■ **TASK TO COMPLETE**
All of the lines below are to be transcribed faithfully, with pictures excluded from the copy.

■ **MATERIAL PROVIDED**
┌──
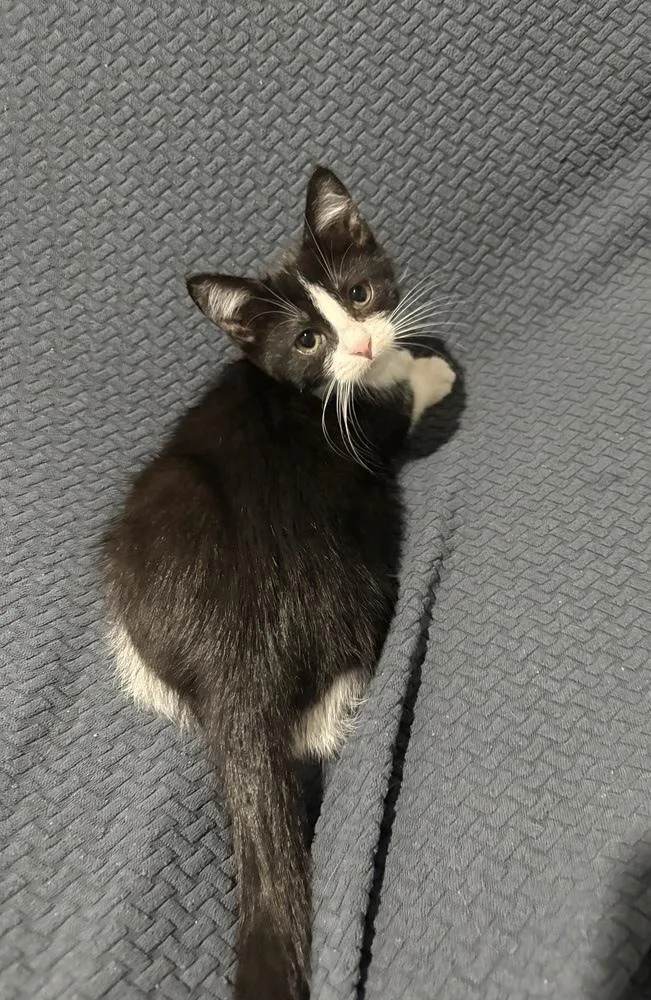A baby small-sized female Black & White / Tuxedo Domestic Short Hair cat named Cupid for adoption in Chicago, IL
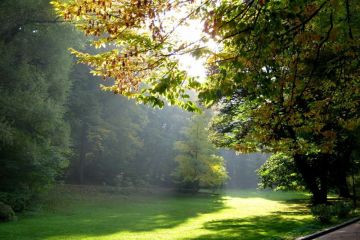 Beautiful Lviv City Parks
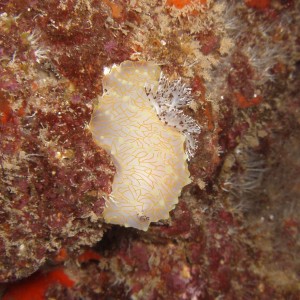 Gold Lace Nudi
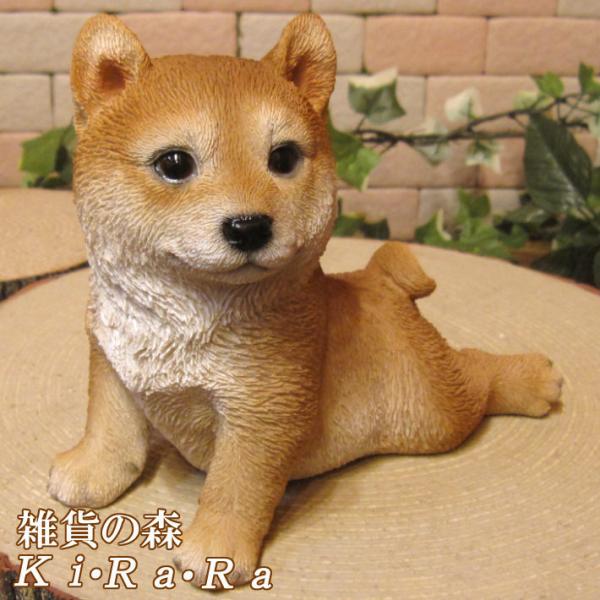 zakkakirara_11002402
└──
■ **YOUR RESPONSE**
A baby small-sized female Black & White / Tuxedo Domestic Short Hair cat named Cupid for adoption in Chicago, IL
 Beautiful Lviv City Parks
 Gold Lace Nudi
 zakkakirara_11002402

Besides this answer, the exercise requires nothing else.